> Exercise directions
How many lines in these records include the string "Silicone"? Reply with that number alone.

[Caption-style text data]

------

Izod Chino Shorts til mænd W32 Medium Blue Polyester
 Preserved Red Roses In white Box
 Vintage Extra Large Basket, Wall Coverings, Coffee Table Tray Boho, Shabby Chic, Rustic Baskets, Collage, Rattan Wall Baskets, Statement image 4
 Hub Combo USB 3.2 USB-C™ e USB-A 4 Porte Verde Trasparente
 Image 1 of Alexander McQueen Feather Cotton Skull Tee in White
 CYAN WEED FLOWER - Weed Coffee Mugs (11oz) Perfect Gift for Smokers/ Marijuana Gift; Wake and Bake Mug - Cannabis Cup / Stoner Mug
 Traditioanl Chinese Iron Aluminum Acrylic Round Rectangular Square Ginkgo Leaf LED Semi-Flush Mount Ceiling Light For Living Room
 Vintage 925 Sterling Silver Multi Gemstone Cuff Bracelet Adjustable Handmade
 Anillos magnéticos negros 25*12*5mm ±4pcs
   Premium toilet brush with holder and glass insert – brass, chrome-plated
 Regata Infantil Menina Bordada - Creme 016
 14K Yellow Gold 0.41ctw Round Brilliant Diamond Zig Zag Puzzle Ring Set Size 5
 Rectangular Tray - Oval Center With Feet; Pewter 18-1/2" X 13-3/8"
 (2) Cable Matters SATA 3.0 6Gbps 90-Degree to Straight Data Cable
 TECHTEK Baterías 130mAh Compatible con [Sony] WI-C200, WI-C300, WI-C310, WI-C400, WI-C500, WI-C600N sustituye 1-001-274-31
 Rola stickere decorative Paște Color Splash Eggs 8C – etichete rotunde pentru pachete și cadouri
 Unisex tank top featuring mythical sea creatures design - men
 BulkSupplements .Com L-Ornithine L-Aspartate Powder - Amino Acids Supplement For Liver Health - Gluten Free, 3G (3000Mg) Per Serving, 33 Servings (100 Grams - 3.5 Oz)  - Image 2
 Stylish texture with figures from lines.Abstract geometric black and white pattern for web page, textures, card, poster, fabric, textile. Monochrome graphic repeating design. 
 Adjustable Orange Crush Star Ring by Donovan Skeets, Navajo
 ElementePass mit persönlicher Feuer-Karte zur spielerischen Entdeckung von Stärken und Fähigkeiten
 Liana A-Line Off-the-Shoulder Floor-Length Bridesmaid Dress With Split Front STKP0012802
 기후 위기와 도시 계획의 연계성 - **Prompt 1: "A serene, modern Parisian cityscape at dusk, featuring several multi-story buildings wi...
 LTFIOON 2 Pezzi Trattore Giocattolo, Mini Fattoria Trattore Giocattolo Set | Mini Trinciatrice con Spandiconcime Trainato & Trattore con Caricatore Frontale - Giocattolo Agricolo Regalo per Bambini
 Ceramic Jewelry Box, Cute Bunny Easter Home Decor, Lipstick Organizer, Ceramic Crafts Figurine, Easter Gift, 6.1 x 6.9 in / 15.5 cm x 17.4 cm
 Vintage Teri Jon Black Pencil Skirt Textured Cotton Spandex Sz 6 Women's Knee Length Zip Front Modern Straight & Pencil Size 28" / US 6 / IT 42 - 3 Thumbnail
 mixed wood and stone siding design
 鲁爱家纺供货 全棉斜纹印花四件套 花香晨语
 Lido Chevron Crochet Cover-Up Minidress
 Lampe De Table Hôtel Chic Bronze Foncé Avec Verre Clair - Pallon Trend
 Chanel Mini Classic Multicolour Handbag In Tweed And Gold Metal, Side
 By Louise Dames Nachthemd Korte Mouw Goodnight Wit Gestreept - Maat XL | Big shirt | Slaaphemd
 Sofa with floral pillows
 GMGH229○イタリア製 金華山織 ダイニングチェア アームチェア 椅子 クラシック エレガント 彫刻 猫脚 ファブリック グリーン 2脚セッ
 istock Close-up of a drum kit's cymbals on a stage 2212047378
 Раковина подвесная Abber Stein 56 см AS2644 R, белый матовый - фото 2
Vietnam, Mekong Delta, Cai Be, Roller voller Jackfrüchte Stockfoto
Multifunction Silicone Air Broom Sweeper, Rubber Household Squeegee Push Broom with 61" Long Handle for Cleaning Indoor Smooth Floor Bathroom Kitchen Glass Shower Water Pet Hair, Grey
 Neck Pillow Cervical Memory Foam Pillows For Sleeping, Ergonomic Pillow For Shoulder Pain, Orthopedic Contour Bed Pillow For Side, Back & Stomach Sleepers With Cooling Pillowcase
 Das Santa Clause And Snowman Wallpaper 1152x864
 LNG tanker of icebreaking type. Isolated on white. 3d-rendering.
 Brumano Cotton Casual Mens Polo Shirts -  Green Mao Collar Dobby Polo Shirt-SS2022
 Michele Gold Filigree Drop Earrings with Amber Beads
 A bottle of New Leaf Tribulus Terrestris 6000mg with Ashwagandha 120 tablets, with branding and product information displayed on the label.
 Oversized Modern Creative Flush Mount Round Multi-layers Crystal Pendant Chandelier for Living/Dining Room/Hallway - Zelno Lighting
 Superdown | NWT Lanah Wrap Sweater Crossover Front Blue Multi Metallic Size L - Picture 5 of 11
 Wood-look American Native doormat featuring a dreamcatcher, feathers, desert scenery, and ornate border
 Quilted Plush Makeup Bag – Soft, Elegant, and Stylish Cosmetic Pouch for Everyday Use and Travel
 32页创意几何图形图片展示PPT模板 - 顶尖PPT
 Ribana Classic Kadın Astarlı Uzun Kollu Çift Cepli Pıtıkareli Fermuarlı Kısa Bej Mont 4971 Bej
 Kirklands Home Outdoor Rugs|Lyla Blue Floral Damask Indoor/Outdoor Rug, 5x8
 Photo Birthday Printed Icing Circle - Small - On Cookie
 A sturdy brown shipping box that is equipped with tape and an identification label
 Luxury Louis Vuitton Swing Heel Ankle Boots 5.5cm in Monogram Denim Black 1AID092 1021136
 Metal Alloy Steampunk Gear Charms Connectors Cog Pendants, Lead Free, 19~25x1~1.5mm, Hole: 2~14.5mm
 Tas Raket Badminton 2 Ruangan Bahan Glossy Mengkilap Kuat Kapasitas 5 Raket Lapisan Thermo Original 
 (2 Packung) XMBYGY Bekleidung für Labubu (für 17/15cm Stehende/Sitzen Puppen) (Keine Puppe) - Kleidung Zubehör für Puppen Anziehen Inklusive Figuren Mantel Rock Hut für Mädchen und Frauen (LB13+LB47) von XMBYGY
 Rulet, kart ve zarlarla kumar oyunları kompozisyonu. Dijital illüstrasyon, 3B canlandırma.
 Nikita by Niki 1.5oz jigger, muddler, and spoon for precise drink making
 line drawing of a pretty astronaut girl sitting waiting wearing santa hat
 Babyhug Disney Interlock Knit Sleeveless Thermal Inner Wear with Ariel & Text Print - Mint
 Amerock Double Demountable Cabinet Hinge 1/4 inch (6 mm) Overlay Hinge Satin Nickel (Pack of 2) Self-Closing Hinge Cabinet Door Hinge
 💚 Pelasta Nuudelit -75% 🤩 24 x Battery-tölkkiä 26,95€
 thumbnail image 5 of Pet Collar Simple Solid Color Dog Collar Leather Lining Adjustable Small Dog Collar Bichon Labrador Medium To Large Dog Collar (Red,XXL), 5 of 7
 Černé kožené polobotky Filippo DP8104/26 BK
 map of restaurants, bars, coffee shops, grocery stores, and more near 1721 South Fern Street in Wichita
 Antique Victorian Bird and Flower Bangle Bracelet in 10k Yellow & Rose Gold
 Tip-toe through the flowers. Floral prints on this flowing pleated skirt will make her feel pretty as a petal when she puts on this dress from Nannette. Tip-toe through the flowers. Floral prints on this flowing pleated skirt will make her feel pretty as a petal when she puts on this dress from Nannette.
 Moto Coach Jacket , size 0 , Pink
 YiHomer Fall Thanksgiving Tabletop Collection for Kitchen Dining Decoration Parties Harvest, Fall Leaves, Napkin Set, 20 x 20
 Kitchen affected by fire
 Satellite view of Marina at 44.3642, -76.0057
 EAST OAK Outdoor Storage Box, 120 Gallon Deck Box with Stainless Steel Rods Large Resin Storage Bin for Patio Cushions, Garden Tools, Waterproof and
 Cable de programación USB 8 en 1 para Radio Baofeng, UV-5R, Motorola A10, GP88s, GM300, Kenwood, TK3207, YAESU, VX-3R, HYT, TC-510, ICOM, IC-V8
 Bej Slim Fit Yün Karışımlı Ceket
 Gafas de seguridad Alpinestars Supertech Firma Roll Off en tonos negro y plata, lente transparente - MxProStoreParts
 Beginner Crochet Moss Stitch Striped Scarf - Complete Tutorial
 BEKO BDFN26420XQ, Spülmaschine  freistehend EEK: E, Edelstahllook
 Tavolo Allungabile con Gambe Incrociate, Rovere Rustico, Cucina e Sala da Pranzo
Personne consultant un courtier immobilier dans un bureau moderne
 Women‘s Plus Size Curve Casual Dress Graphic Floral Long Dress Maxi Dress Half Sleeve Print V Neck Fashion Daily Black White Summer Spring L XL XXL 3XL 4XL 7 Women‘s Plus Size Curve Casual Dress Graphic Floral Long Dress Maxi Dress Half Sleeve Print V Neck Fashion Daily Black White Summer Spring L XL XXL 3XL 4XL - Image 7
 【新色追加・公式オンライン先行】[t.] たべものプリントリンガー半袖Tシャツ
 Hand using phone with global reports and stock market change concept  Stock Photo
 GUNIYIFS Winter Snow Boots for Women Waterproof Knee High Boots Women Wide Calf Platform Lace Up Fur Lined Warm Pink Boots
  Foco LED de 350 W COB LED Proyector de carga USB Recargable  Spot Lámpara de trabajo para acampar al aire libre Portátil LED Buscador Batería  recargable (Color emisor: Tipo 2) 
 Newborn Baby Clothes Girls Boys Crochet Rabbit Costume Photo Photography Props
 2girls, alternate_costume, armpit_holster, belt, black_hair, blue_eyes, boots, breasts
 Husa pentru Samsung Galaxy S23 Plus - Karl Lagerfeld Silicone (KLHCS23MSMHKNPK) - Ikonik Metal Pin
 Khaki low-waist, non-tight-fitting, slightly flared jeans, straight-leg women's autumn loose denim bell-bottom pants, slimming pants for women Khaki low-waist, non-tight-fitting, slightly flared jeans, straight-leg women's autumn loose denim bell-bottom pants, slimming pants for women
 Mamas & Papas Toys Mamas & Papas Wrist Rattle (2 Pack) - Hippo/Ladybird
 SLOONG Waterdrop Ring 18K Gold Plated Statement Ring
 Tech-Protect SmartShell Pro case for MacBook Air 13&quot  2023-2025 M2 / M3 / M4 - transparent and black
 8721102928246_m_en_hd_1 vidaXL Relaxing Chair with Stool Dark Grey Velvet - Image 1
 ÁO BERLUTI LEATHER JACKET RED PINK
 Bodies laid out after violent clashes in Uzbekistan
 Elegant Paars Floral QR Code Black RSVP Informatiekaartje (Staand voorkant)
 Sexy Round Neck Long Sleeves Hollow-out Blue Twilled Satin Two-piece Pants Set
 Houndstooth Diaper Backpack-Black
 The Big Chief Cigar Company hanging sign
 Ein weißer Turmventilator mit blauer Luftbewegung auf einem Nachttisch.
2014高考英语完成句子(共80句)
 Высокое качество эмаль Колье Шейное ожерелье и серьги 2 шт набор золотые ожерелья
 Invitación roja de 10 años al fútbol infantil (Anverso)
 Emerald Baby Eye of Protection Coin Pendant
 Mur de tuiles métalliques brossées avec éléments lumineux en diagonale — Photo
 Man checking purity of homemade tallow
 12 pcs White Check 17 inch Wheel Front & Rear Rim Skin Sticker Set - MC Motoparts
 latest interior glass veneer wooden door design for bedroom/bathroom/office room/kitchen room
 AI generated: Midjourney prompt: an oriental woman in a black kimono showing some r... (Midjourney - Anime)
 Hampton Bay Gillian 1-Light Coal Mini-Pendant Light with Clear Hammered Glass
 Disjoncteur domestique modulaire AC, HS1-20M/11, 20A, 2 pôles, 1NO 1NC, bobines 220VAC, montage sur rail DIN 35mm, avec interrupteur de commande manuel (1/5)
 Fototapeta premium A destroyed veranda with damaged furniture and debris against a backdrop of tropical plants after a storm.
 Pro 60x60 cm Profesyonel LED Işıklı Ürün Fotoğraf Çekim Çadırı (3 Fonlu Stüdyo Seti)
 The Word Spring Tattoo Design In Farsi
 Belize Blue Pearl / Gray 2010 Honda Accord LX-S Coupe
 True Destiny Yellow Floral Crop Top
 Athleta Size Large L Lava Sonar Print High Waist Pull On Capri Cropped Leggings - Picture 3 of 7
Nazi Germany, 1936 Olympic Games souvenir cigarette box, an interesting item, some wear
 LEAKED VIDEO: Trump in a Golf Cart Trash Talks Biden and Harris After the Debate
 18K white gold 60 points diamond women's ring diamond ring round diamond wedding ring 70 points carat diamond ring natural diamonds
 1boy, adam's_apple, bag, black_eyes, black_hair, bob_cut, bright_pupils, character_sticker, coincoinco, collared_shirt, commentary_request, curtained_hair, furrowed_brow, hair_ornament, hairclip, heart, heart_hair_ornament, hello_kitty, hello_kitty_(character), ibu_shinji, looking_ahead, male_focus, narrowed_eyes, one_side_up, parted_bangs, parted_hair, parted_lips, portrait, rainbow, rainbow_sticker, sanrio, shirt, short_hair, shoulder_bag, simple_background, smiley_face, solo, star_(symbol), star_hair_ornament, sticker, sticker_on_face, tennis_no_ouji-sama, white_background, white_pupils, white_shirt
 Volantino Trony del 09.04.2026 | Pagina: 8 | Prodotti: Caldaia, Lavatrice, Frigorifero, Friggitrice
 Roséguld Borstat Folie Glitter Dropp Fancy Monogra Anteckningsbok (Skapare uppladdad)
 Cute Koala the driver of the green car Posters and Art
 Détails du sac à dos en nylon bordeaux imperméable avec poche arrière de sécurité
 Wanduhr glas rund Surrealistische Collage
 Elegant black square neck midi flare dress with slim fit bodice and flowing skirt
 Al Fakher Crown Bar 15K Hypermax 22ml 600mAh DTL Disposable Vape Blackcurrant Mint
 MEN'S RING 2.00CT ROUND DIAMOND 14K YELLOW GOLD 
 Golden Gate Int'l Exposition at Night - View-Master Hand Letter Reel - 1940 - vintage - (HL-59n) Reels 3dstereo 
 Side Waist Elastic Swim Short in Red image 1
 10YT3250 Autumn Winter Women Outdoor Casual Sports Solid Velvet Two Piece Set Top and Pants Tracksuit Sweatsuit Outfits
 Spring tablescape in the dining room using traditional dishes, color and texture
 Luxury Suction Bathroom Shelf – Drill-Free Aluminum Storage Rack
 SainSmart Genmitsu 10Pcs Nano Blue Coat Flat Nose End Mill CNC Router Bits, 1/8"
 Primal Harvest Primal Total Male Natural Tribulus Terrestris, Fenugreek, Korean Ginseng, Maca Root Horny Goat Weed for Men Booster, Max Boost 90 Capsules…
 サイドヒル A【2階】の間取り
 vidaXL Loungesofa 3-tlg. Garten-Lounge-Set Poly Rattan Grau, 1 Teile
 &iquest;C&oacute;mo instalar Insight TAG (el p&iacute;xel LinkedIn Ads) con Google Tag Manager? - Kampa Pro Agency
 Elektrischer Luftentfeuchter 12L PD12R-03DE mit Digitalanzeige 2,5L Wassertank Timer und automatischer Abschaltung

------

> Response to this exercise
2